Since co-founding CatastrophiCreations just a few short years ago, Mike Wilson and Megan Hanneman have continually worked to grow their market share through strategic channel expansion. Although this cat furniture company had near-immediate success on Etsy, its owners knew that to succeed they couldn’t just sit back and watch the sales flow in — or rely on one source for all of their business.
“We knew that if we wanted to grow, we had to get as many eyeballs on our products as possible,” Wilson explained. “As great as Etsy is, it appeals to one kind of customer. To really build a sustainable business, we needed to get our product listed on multiple online marketplaces, in addition to Etsy and our own e-commerce site. Then, keep expanding from there.”
Moving from One to Multiple Online Marketplaces
To identify which sites would be the best fits for the company, Hanneman used her logic and her browser.
“I did Google searches for tags like ‘cat furniture’ and ‘cat shelves’ – terms that potential customers would use if they were looking for those products,” she said. “Wayfair, Overstock.com, Amazon and Fancy.com were consistently at the top of those searches. So, those sites became our targets.”
Hanneman quickly learned that everything from the initial application process to overall vendor requirements vary from site to site.
“Before you apply as a vendor, make sure you understand each marketplace’s model and requirements, which may impact how you operate or what you can offer,” Hanneman said. “For example, Etsy’s focus is handmade products, so our three-week wait time for hand-assembled furniture wasn’t an issue. Amazon Prime requires much faster delivery. Their customers expect to receive their products in just a few days.”
To meet those expedited requirements, Hanneman and Wilson limited the Amazon product line to two color combinations they could back-stock, instead of the broader color palette they offered on their own site and on Etsy.

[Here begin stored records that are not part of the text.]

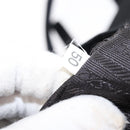 PRADA Backpack Nylon Black Silver Auth bs31164-12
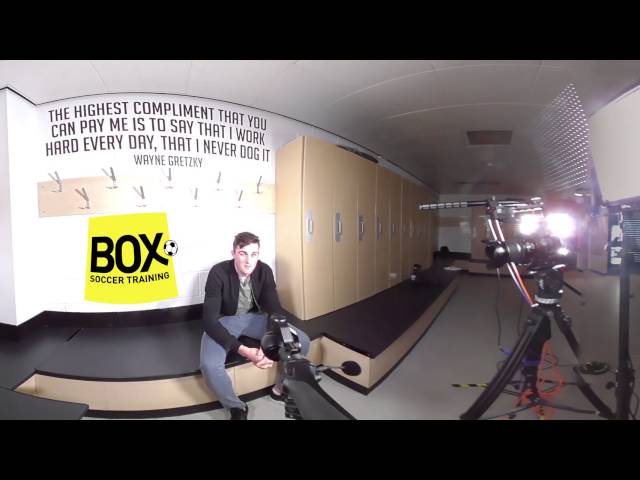 Box Soccer Training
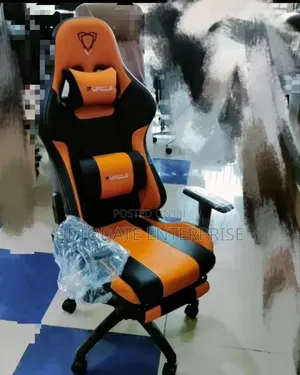 Original Gaming Chair With Footrest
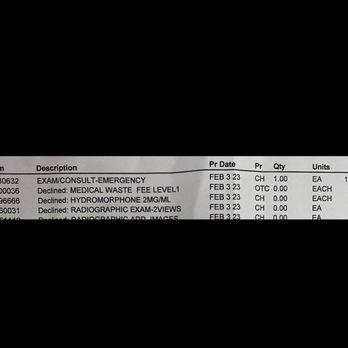 Walker Veterinary Hospital - $150 for a walk in during reg bus. hr during the week. They really consider that a emergency . Scum bags , don't get victimized. - Veterinarians Near Me - Stockton, California Walker Veterinary Hospital - $150 for a walk in during reg bus. hr during the week. They really consider that a emergency . Scum bags , don't get victimized. - Veterinarians Near Me - Stockton, California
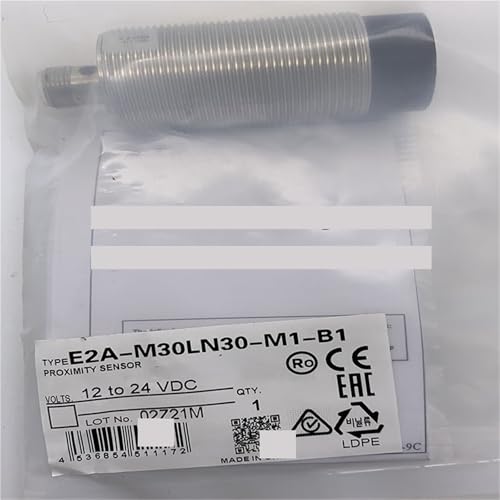 Capteur de proximité avec détection 15mm E2A-M30LS15-WP-B1 pour automatisme
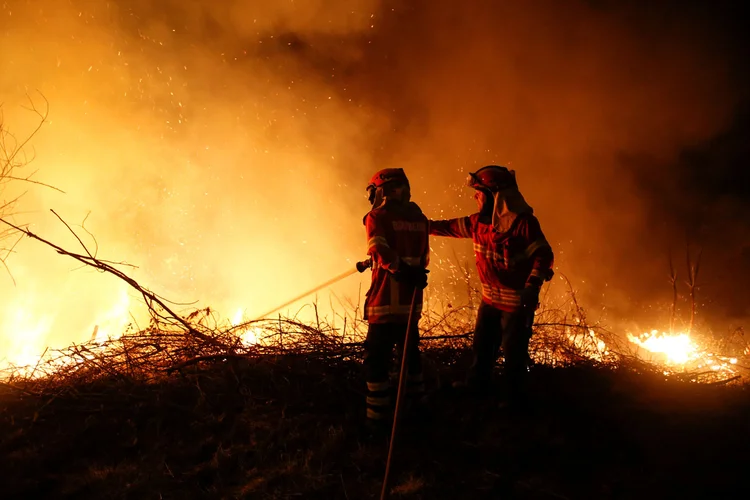 Portugal: a tragédia também deixou 63 feridos (Pedro Nunes/Reuters)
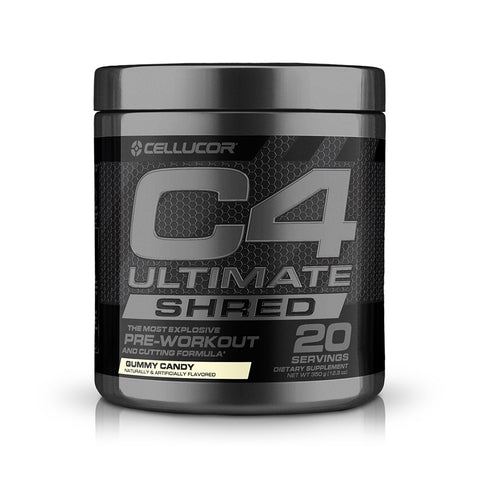 Cellucor - C4 Ultimate Shred Gummy Candy Flavor - 20 Servings
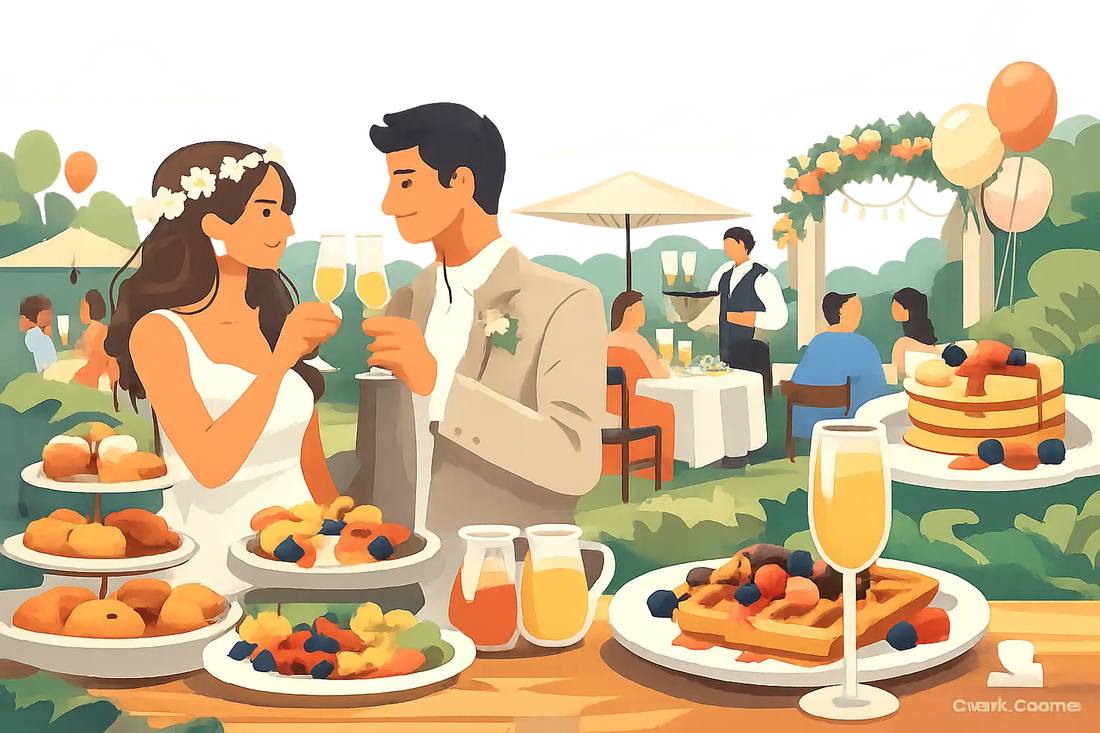 12 Wedding Brunch Reception Ideas Guests Love
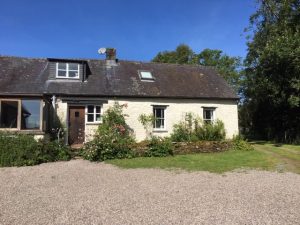 Hill Cottage - traditional Welsh longhouse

“If you want to expand and work with different online partners, you have to be flexible enough to work within their various models,” Hanneman said.

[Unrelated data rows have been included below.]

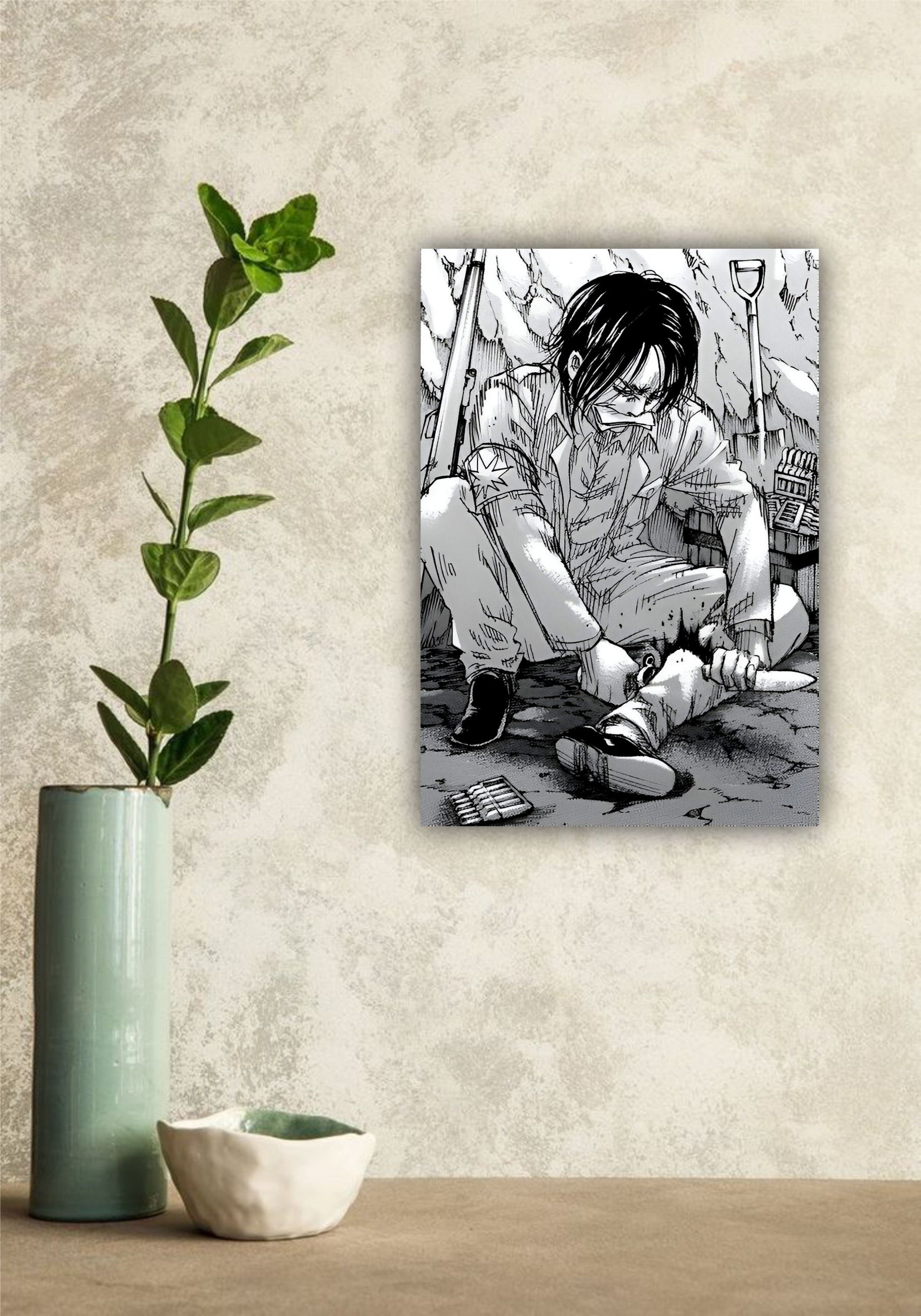 EREN || ATTACK ON TITAN POSTER #4 Pitsstop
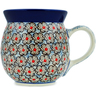 16 oz Stoneware Bubble Mug - Polmedia Polish Pottery H5062M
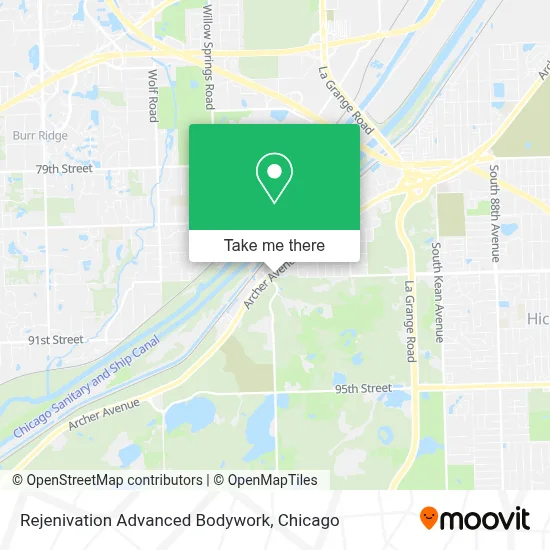 Rejenivation Advanced Bodywork map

Fulfillment processes vary, as well.
“A few websites, like Amazon and Etsy, auto-import orders to ShipStation. With Wayfair and Overstock.com, we have to manually enter orders,” Hanneman said. “You have to manage all of the accounts differently, and it’s important to set up a process to do so — right down to what additional materials you’re allowed to enclose in your packages.”
As they broadened their market presence, Hanneman and Wilson also took the time to re-examine their own business strategies. They determined that to effectively and profitably scale they needed to offer a more agile delivery option than their flagship, made-to-order products allowed.
From Hand Assembled to DIY
“Our furniture has been popular from the beginning. But, because it’s hand assembled here, it doesn’t have great margins,” Wilson explained. “We’ve also had customers want to remove, wash or change out the fabric, which they couldn’t do because everything is stapled down before the furniture is shipped. So, we were missing an opportunity to sell additional hammocks or other add-ons to current customers.”
Wilson’s solution? A new, modular, “assemble it yourself” line that gives customers the flexibility to change out fabrics or add items down the road. To be successful, Wilson knew that it had to be fast and easy for customers of all skill levels to put together.
“I created and patented a process that uses grommets to fasten together the wooden parts of the furniture,” Wilson said. “It works a lot like a connector set, so almost anyone can put it together without a problem.”
This new line benefits CatastrophiCreations beyond meeting the fast shipping requirements of some online marketplaces.
“Although we’ll keep our hand-assembled line, our assemble it yourself version gives us a way to expand into retail,” Wilson said. “It also gives us the option of starting a subscription service, where a customer can get hammocks in seasonal colors or different add-ons, like planters or other items. All of that gives us additional opportunities for sales and keeps us connected with our customers.”
To Wilson, it’s critical for a company to evolve as it grows, no matter how popular the initial product is.
“You have to look at margins and logistics and the market. If you want to go from a small company to a bigger, more successful company, you have to take care of what’s holding you back from where you want to go,” he said.
For Hanneman and Wilson, that means spending a lot of time researching, learning and exploring the possibilities.
“We are always looking ahead, thinking about where we want to go and what we need to do to get there,” Hanneman said. “Then, we figure things out as we go along. It’s a lot of work, but it is so worth it. That’s the only way to keep going and growing.”
CatastrophiCreations’ Tips for Market Expansion
- Feature your products on a variety of online marketplaces that cater to different kinds of consumers.
- Understand that each site has different requirements, different means of order entry and fulfillment models — and you have to adjust to them.
- Make sure you set up documented processes for each online site, including what instructions or marketing materials you’re allowed to include in the packages. Then, make sure your staff is trained on all of the differences.
- Adjust pricing for free shipping and other site requirements that may erode margins.
- Sell a limited assortment early on, so you can meet fulfillment deadlines without excess inventory.
- Continually evolve your product line and operation as your business grows.
- Since many marketplaces don’t allow you to drive traffic to your site, ramp up your social media efforts to stay connected with your expanded customer base.